What you are asked to do — Repeat the data exactly. Pictures are not part of the copy.

Supplied data —
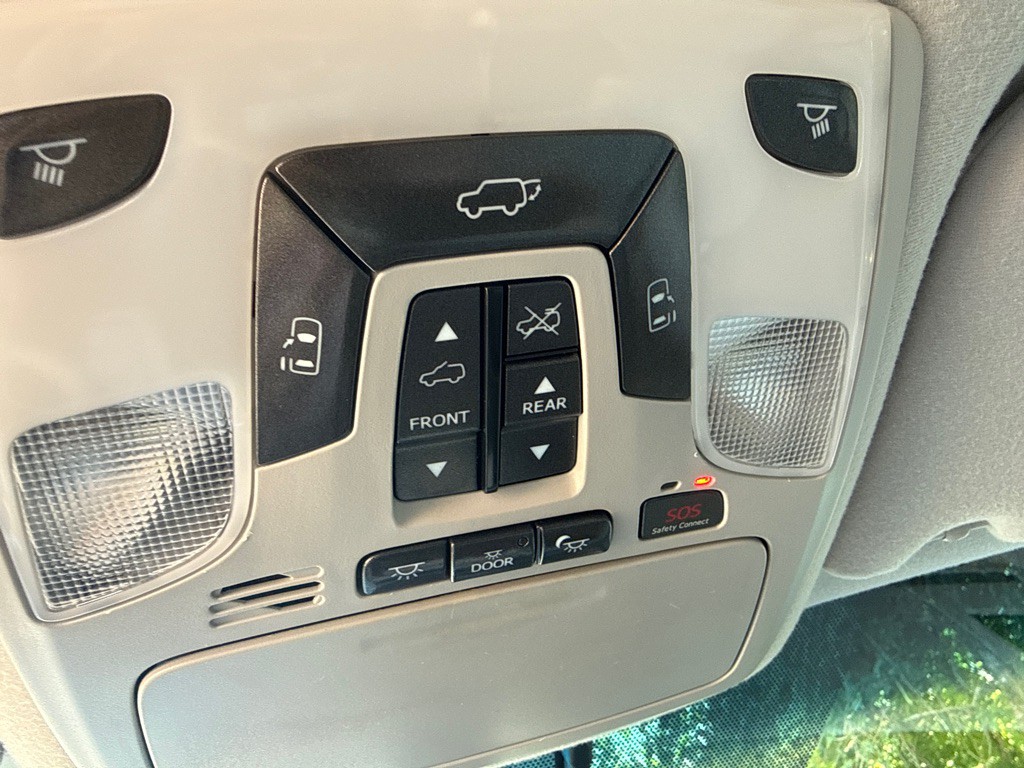 2014 Toyota Sienna Image 23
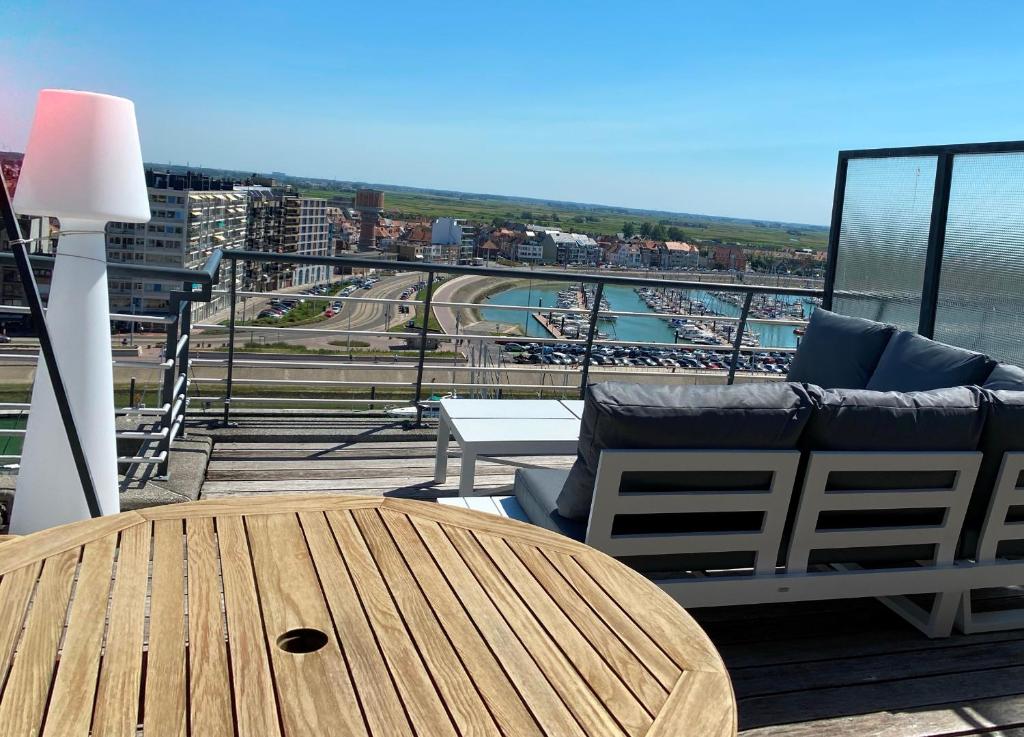 Un balcón o terraza de ZEEPAREL Duplex loft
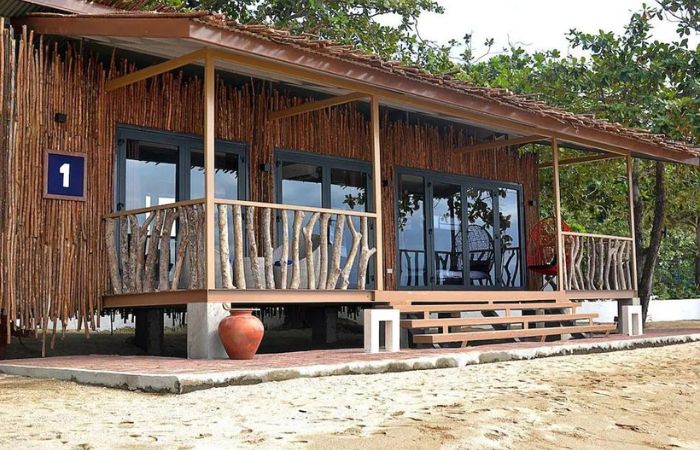 Aquaria Waterpark And Crusoe Cabins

Answer area —
 2014 Toyota Sienna Image 23
 Un balcón o terraza de ZEEPAREL Duplex loft
 Aquaria Waterpark And Crusoe Cabins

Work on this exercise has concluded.